I've developed a few interface mock-ups for a tool I'm building to support awareness in software development. Based on previous empirical studies in this area, I've decided to narrow in on two types of awareness information: changes to shared artifacts and peer activities. The tool integrates changes to artifacts across multiple information repositories like version control systems, email lists, ticketing systems, and wikis.
I've picked a group of officers from the Enterprise D as my team for these prototypes: the word on the street is that Geordi tears out some mean C code, and who wouldn't want Jean-Luc Picard as a team lead?
Visual Summary of Recent Events
The main view in the tool provides a visual summary of recent events in code, email, ticket, and document repositories for a software project. I chose a simple linear timeline layout with a node and summary for each type of event. Each node in the timeline is colored to indicate the author of the change, which corresponds to the photos of team members in the left column.
Clicking on a team member's photo highlights the changes that she/he has authored in the timeline. Beverly has been cranking out code like mad!
Clicking on any node in the timeline displays some additional information about the change:
Tabular Detail View
I also want to provide a way for users to dig deeper into the content of recent events. The 'show details >>' button in the top-right reveals a tabular view of the events in the current timeline along with a smaller version of the visual summary. The grid at top-center is a list of event summaries and the box below displays the details.
Users can draw a selection box in the visual summary to filter the detail view to contain only certain nodes.
Time Interval Zoom and Scaling
I'm also drawing up a time interval zoom feature to handle scaling issues when there are so many events in a time interval that the display becomes cluttered. One strategy that might work is to adjust the length of the textual summaries on the visual display -- or hide them altogether -- and allow users to zoom-in on a selected area.
You'll notice that the interface only allows users to view events in the 'last 10 hours', 'last day', and 'last week'. I don't know yet whether it makes sense to allow users to view customized time intervals.
Linking to Information Repositories
Where possible, I'd like to provide links from events to the repositories where they occurred.
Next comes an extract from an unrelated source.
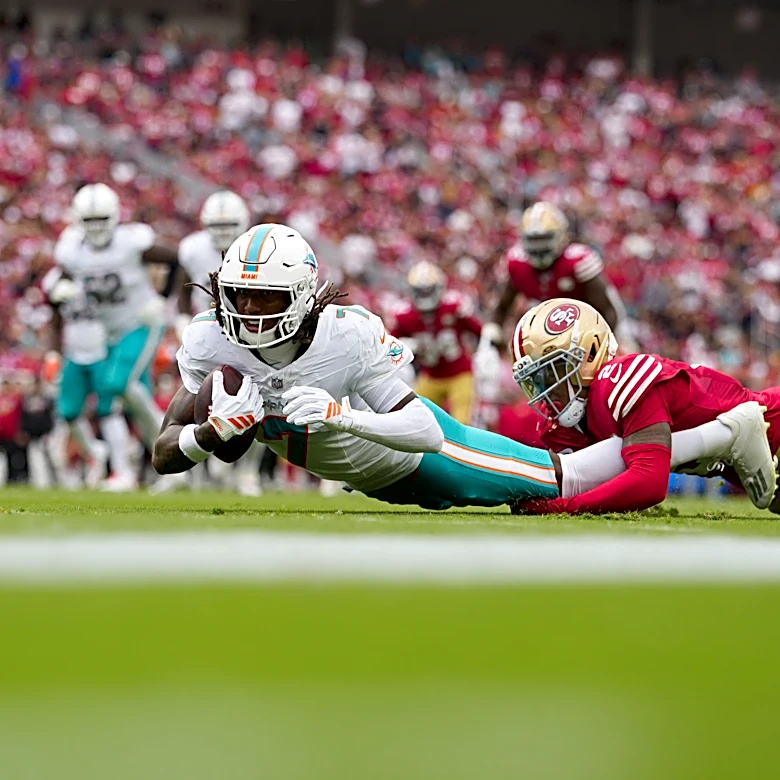 Miami Dolphins rookie receiver suffers ankle injury against 49ers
For example, when viewing the detail of a changeset from a version control repository, users can click on a link to view a diff of the changeset or the file that was modified:
Obviously the details of the interaction here are still evolving and there's a bit of work to be done to go from Photoshop mock-ups to a real implementation, but I like the overall direction that things are heading in so far. If you have any feedback that might be useful, let me know!
3 Comments
1 Gina Venolia
Posted July 9, 2008 at 2:43 pmPermalink
This is really nice looking. I'm looking forward to hearing about how your design plays out through implementation and deployment.
2 Colin Smillie
Posted July 9, 2008 at 10:28 pmPermalink
Hi Jeremy,
Couple of thoughts on the designs:
1/ I think you need the time scale at the top, or atleast the end points of the time scale at the top.
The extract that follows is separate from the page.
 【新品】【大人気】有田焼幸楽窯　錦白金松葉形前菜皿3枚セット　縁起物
2/ On the time scale, I'm not sure each hour will need equal weighting. I think there are bound to be hours with no data and they could easily be compressed/closed to provide more real estate to hours with lots of data ( being/ending of day is probably going a spike ).
3/ I'm not clear the vertical importance within the categories. Is this to indicate the most important relevent/events at those times, there should be some sort of scale to indicate that. I think categories with no data should auto close/shrink ( ie the wiki category ).
4/ The transparent background when clicking on a node does really work. I'd try a transparent border with a opaque background. Similar to Facebook's dialog box CSS.
Looks good, looking forward to seeing how it comes out.
3 Jeremy
Posted July 9, 2008 at 10:40 pmPermalink
@Colin Smillie: Thanks very much for your feedback! I like your idea about compressing time frames with no data to optimize screen space.